Chicago’s style is unusually accessible and collaborative. She has included text into the body of some pieces to explain their imagery, and has invoked the spirit of egalitarianism by involving hundreds of volunteers in the creation of some projects.

The confluence of Chicago’s Jewish identity and her feminist priorities is evident in many of her works, such as “Compressed Women Who Yearn To Be Butterflies” (1974) and “Voices From the Song of Songs” (1999). Her most famous work, “The Dinner Party,” which honors the achievements of 1,038 women throughout the history of Western civilization, adopts as a framework the religious ritual that recounts the Jews’ liberation from slavery: the Passover Seder. The installation features place settings for 39 prominent women as varied as Emily Dickinson and Eleanor of Aquitaine around a triangular table, and the names of 999 other honored women inscribed in gold on the white porcelain-tiled floor. One of the place settings is reserved for Judith, who was responsible for saving the Israelites from Assyrian aggression during biblical times. Jewish women also are represented among the 999 names, from the biblical Miriam and Esther to Golda Meir and Gertrude Stein.

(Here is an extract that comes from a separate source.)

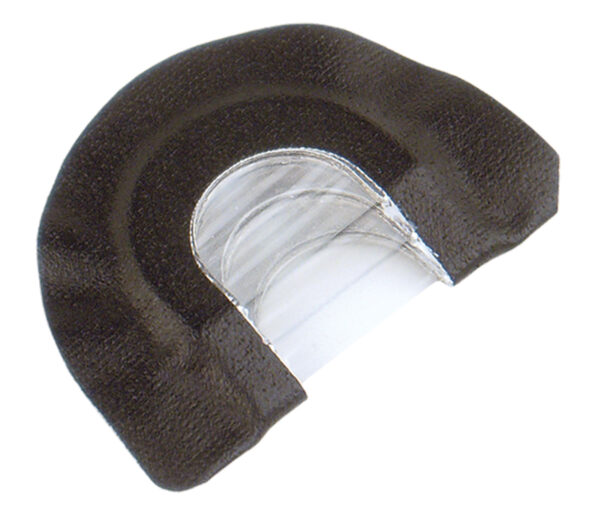 Primos PS109 True Triple  Diaphragm Call Triple Reed Attracts Turkeys Piggy Back — view 1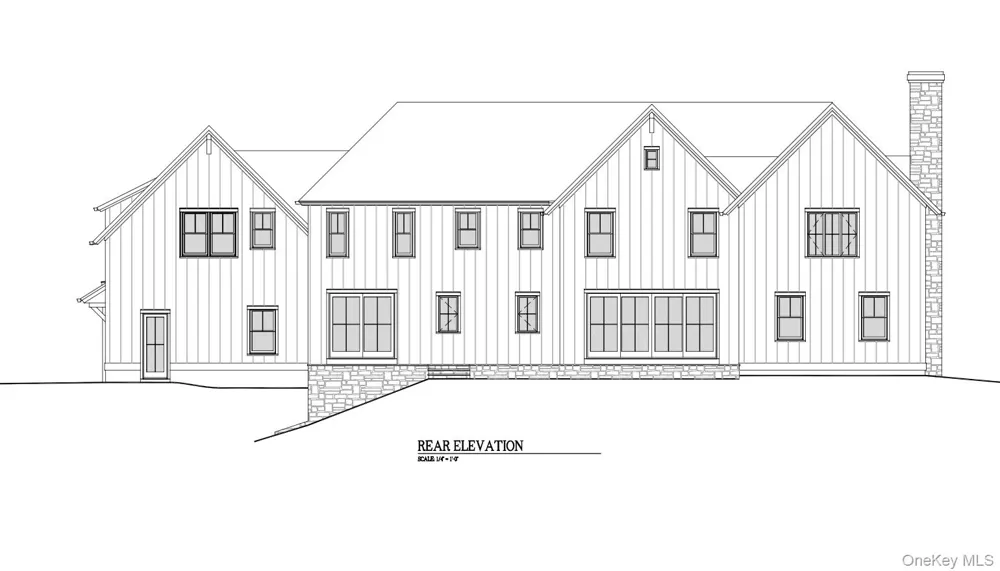 417 West Street Harrison, NY 10528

Chicago’s interest in combining Jewish and feminist elements led her to directly confront the darkest period in recent Jewish history, with “The Holocaust Project” (1985-93). As was the case for many Jewish children growing up in postwar America, Chicago was not exposed to much discussion of Jewish history, particularly when it came to the Holocaust. “The only indication in my family that the Holocaust ever happened was after World War II, when my parents suddenly abandoned decorating a Christmas tree in favor of lighting the menorah,” she said. “We never discussed the change.” As an adult, Chicago asked her mother about the family’s silence, and the reply was that a rabbi had once warned her, “Shhh, we must not speak about it or it will happen to us.”

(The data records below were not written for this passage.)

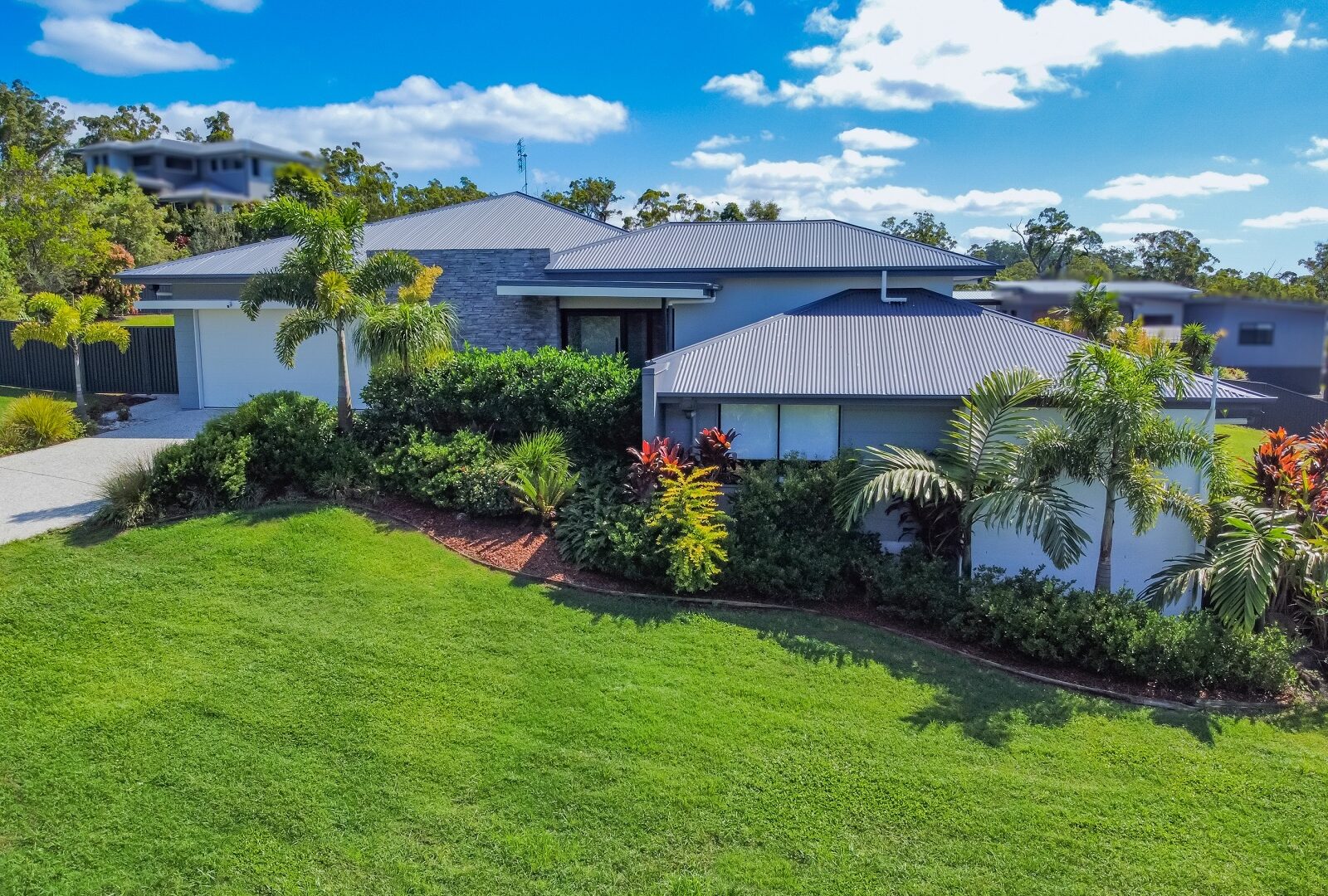 Sold - 29 Apple Gum Place - New Property in Palmview - Real Estate by Shaun Hammill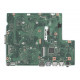 Материнская плата для Asus X540BP A9-9425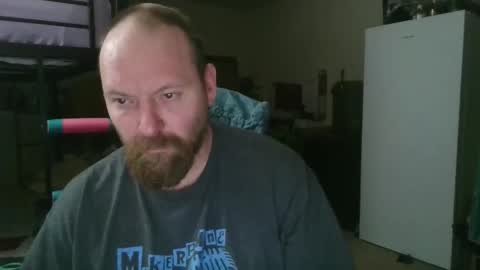 mackhere4u online show from May 2026 01:36:01 AM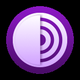 Tor Browser app icon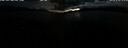 ./images/rivers-inlet/ethel/20180825/ethel20180825_210950.jpg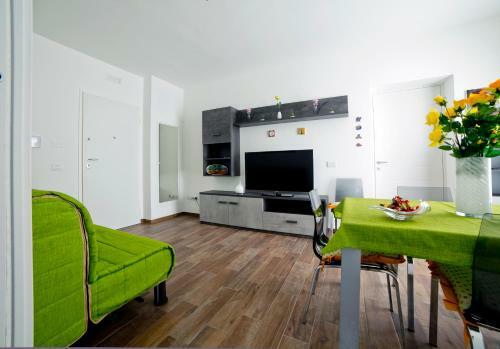 Apartamento Appartamento Artego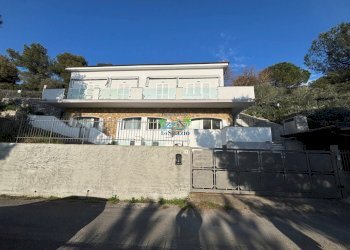 Appartamento in villa in vendita Andora - Trilocale strada colla micheri, Andora - foto 20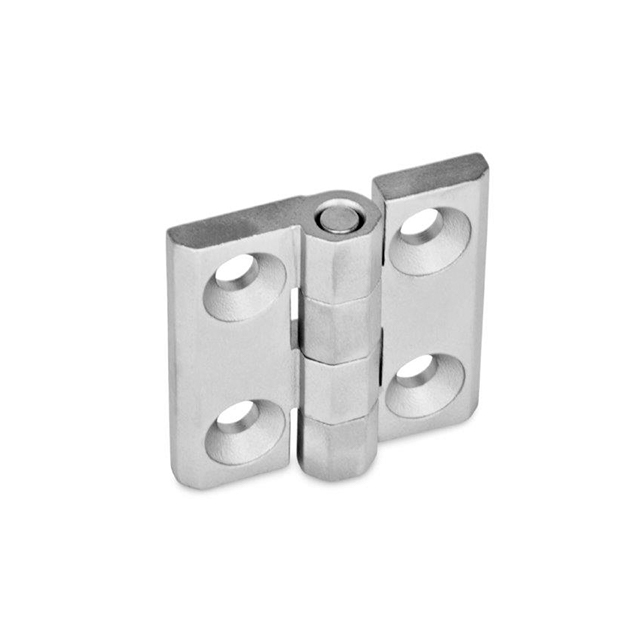 237-A4-40-40-A-GS 237-A4-40-40-A-GS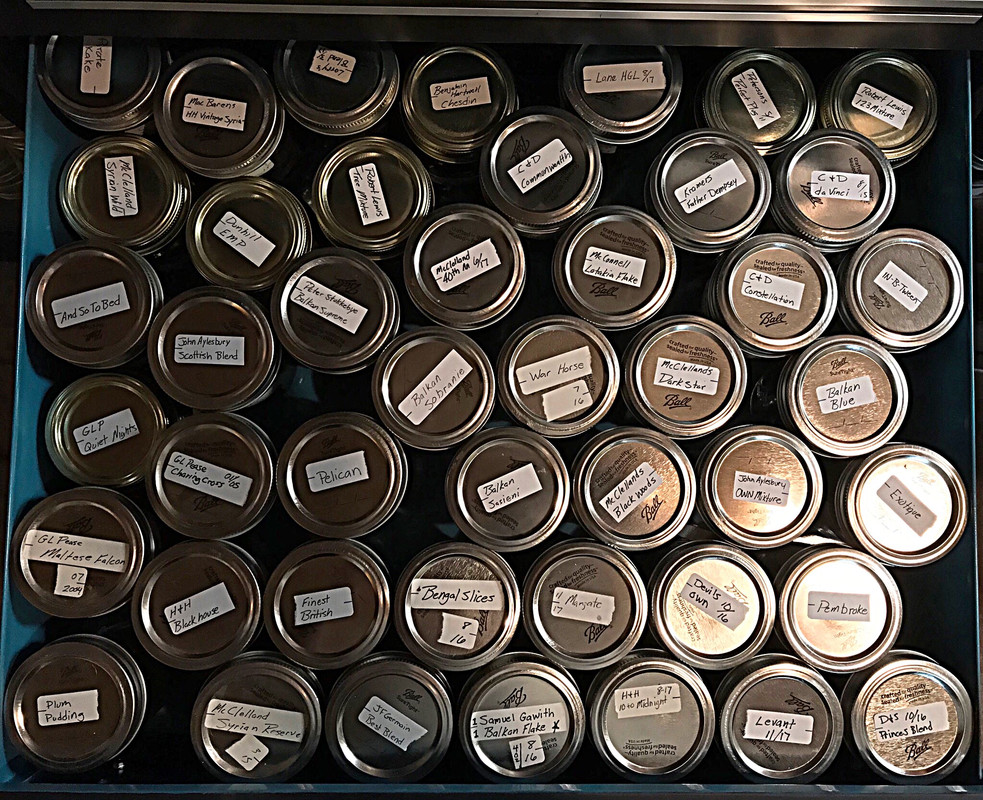 F45CFABE-8301-42E3-9DB8-E09E60530E3D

Chicago’s outlook changed when she and her soon-to-be third husband, photographer Donald Woodman, saw the nine-hour film “Shoah” in New York. Chicago was overwhelmed and horrified by what she saw, vividly recalling the grief-stricken survivors she spotted while standing in line for the restroom. Chicago resolved that her next project would commemorate the overlooked female experience during the Holocaust, and she enlisted Woodman as her artistic collaborator. They spent the next eight years traveling, conducting research and reading survivor testimony in preparation for what became known as “The Holocaust Project,” a period she describes as the “darkest in my career.” The result was mixed-media representational art combining photography and painting. “I wanted my images to be true to actual experience,” she said. “At art museums, what work exists is very conceptual, but I don’t think abstraction is the appropriate mode of dealing with this subject matter. I wanted viewers to connect with these people.”

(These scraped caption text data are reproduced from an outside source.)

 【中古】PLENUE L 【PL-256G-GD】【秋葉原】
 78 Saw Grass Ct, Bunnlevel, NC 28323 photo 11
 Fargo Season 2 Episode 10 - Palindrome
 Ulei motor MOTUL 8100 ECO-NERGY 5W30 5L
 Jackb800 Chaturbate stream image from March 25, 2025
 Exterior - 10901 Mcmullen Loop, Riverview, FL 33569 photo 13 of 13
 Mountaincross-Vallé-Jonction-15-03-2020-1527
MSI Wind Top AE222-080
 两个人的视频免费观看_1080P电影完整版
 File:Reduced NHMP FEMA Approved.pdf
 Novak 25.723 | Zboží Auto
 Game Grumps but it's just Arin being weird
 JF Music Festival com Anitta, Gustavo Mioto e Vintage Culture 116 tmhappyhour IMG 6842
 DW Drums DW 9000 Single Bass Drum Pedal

The graphic imagery of “The Holocaust Project” subjected Chicago to her share of resistance and antipathy from the art establishment, much as “The Dinner Party” did more than a decade earlier. It seems some art consumers would prefer that Chicago adopt a more abstract and less didactic style. But if the past is any indication, such criticism will not compel Chicago to moderate her approach. Instead, in all likelihood Chicago will continue to generate works that challenge the status quo, in artistic, political and religious contexts. Indeed, often all at the same time.

Vanessa Silberman is a New York-based writer covering the arts and travel.